Приведу небольшой пример революционной идеи, осуществляемой сейчас в речном и морском флоте.
С некоторых пор на советских реках появились комфортабельные суда на подводных крыльях — «Ракета», «Метеор» и др. Подводные крылья позволили значительно увеличить подъемную силу судна (как происходит на самолетах) и выводить его на поверхность воды. Это резко снижает сопротивление воды и при том же тяговом усилии соответственно увеличивает скорость судна.
Скоро такие же быстроходные суда появятся и на морях.
Когда мне довелось работать над созданием международного научно-популярного ежегодника «Наука и человечество» (идею ежегодника лучше всего выражает его девиз: «Доступно и точно о главном в мировой науке»), мы с художником Эрнстом Неизвестным долго ломали голову над эмблемой. В конце концов художник нарисовал Прометея, похищающего для людей огонь. Эмблема получилась прекрасной, сейчас ее знает весь мир.
Но потом меня стали грызть сомнения: такая ли эмблема должна олицетворять движение человеческой мысли вперед?

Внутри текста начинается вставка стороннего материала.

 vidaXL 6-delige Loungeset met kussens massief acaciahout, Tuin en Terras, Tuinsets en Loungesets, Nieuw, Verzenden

Мне вспомнилось вычитанное в книге описание одного научного торжества в начале века — торжества, на котором присутствовал и Климент Аркадьевич Тимирязев. Было это в Дрездене, а официальным поводом послужило освоение в Норвегии синтеза азотной кислоты путем окисления атмосферного азота по методу Биркеланда. Торжество происходило в зале, украшенном двумя аллегорическими фресками. Одна из них изображала Прометея, похищающего небесный огонь; она символизировала науку. На другой была изображена толпа первобытных людей, преклонившаяся перед человеком, перемещающим с помощью рычага непосильную тяжесть. Эта картина символизировала технику.
«Скаляр» и «Вектор» — так можно было бы назвать идеи аллегорий.

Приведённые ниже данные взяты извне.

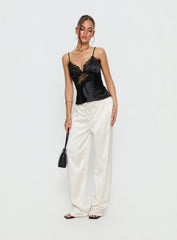 Annamari Lace Satin Cami Top Black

Какая же картина больше выражает человечество? Пламя или рычаг, скалярное число или стрела, вектор?
Пламя — символ жизни, но жизни всякой, в том числе и не озаренной светом знания. А человек проложил себе дорогу вперед при помощи силы разумной и устремленной. Вероятно, не Прометей, а та, другая картина больше подошла бы для выражения идеи человечества.
Тяготение в элементарном смысле
Механика так плотно окружает нас со всех сторон, что мы ее не замечаем, как не замечаем воздуха, которым дышим, и воды, которая попадает в организм с пищей. Но будь мы повнимательнее, мы быстро догадались бы, что без механики у человека единственная перспектива — одичать. Пожалуй, нет средства более надежного — превратить современного Homo sapiens (человека разумного) в питекантропа, чем запретить ему пользоваться орудиями механики.
Завязываем ли мы шнурки, застегиваем ли пуговицы, пропускаем ли мясо через мясорубку или вколачиваем гвоздь в стену — во всех случаях мы имеем дело с механическими машинами, во всех случаях вызываем силы и управляем ими.
Неважно, что машины разной сложности. Конечно, шнурки или пуговицу в петле не сравнить с пылесосом и стиральной машиной, но и там и тут производится преобразование сил, и то и это является различными формами механических машин.